Without positive cash flow, you won’t have the working capital you need to finance your operations, pay your vendors, or meet payroll during the slow season.
Getting a grip on your cash flow
A cash flow statement tracks money coming into your business (customer payments, interest, etc.) and going out of your business (payroll, payables, materials, etc.). When you’ve got more money going out than coming in your cash flow is negative—and that’s not a good thing. Your goal is to maintain positive cash flow throughout your slow season so you can meet your obligations.
Develop a cash flow forecast for the next 12 months. Review your financial statements from the prior year, as well as your sales forecasts for the next 12 months, to develop a projection of your cash flow going forward.
Using the cash flow forecast, look for potential problems. For instance, do you have a huge loan payment coming due the same month your business slows to a halt? Do you have a big construction job starting in April using materials that need to be ordered in February to arrive in time?
Figure out how to reduce expenses and accelerate your income so you’ll have a “cushion” for the slow season. Here are some ideas:
- Start now to set aside cash for the slow season.

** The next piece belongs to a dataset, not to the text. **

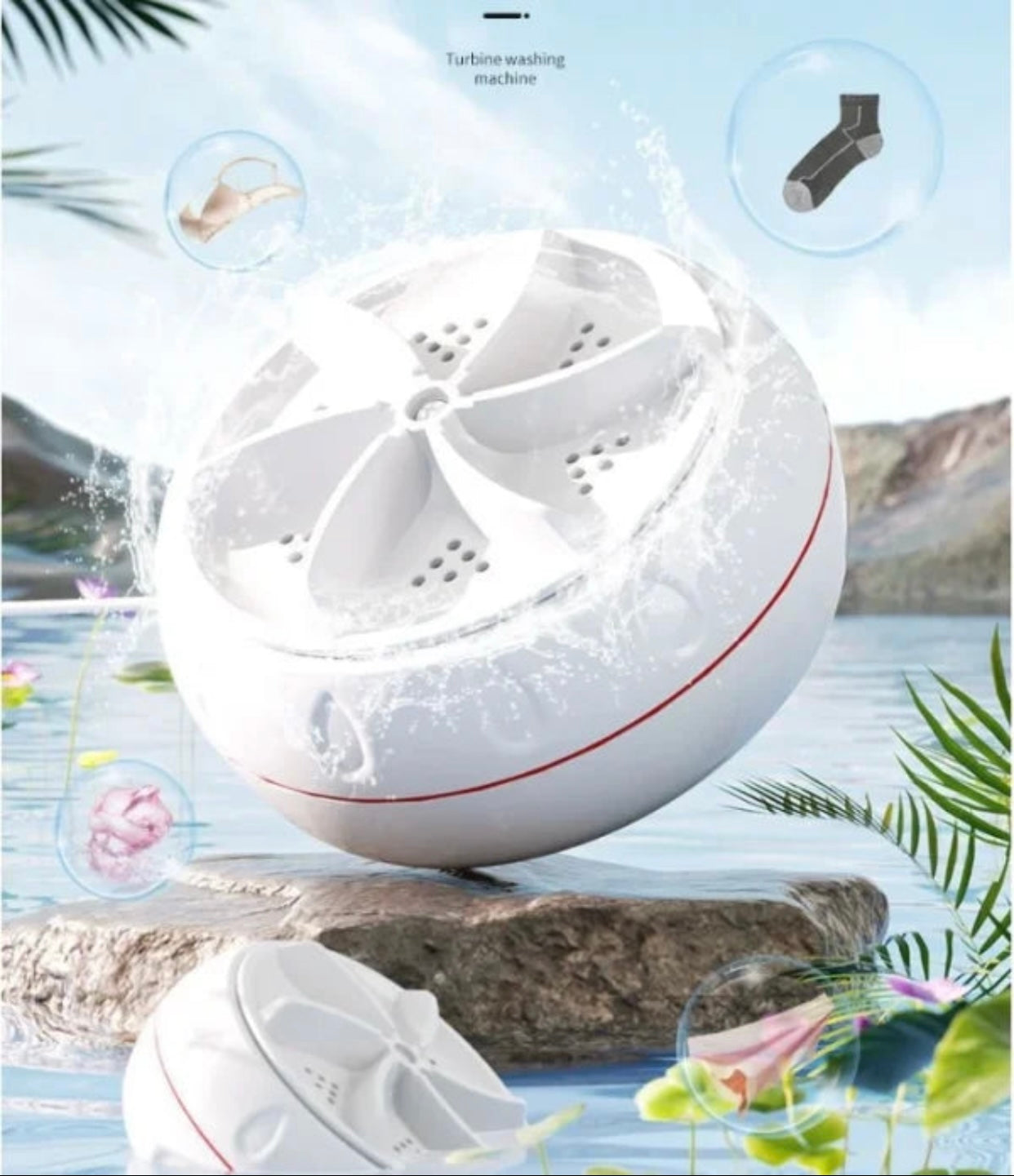 Portable Ultrasonic Mini Washing Machine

- Go over your monthly expenses to see which can be cut or eliminated altogether. Are you paying for subscriptions or memberships you no longer use?
- Ask if your suppliers are willing to extend better credit terms during your slow season.

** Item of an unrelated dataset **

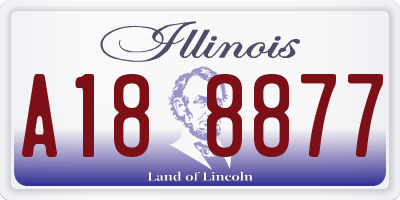 IL license plate A188877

- Aggressively pursue outstanding invoices. Follow up as soon as payment is due.
- Be persistent in reaching out to late-paying or non-paying customers. See if you can work out a payment plan or get partial payment.

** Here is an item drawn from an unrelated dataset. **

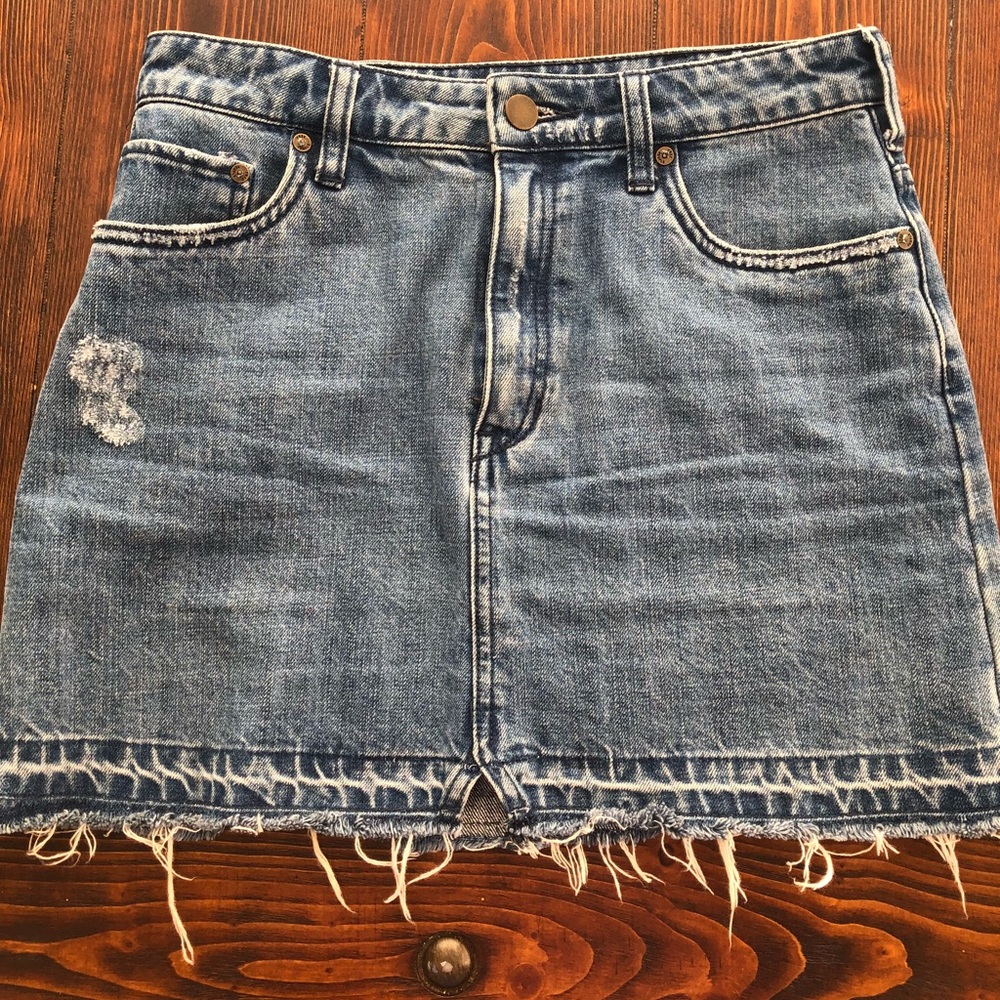 Free People denim skirt
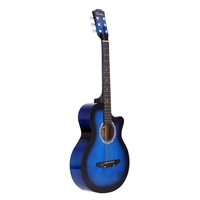 38" Acoustic Folk 6-String Guitar for Beginners Students Gift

- Figure out ways to quickly generate cash from customers. Could you request partial payment or deposits upfront for future projects, for instance?
- Expand your services or your customer base to bring in more income. For example, your lawn-care customers don’t need your services in the dead of winter—but they do need snowplow or driveway-clearing services. Can you offer those? If you normally do landscaping for commercial properties, how about providing and maintaining indoor plants for offices?
- Offer off-season discounts. Generate cash flow by giving customers special deals on services such as pre-season inspections or end-of-season maintenance. If you own an HVAC company, offer a discount for customers who have their furnaces serviced before the cold weather hits.
Monitor your cash flow closely
If you use an online accounting software program such as QuickBooks, it’s easy to generate cash flow statements. Review your statements weekly (or even more often) as your slow season approaches. Compare your actual cash flow statement to your cash flow forecast, and adjust your plans accordingly. The sooner you spot a possible cash shortage, the sooner you can deal with it by tapping into your working capital sources.
Look at your cash flow forecast to pinpoint when additional working capital will be needed, and develop a backup plan for getting it. (Remember, the best time to apply for business financing is before you actually need it.)
You should always match the financing method to its purpose. In other words, if you need working capital to get you through a three-month slow season, don’t take out a long-term loan that you have to pay back over three years. Instead, look for short-term loans or alternative financing methods such as a business line of credit, invoice/accounts receivable financing, factoring, or business credit cards.
You may never need to use these financing options—but having them available will put you in a better position to weather the winter and deal with any financial ups and downs.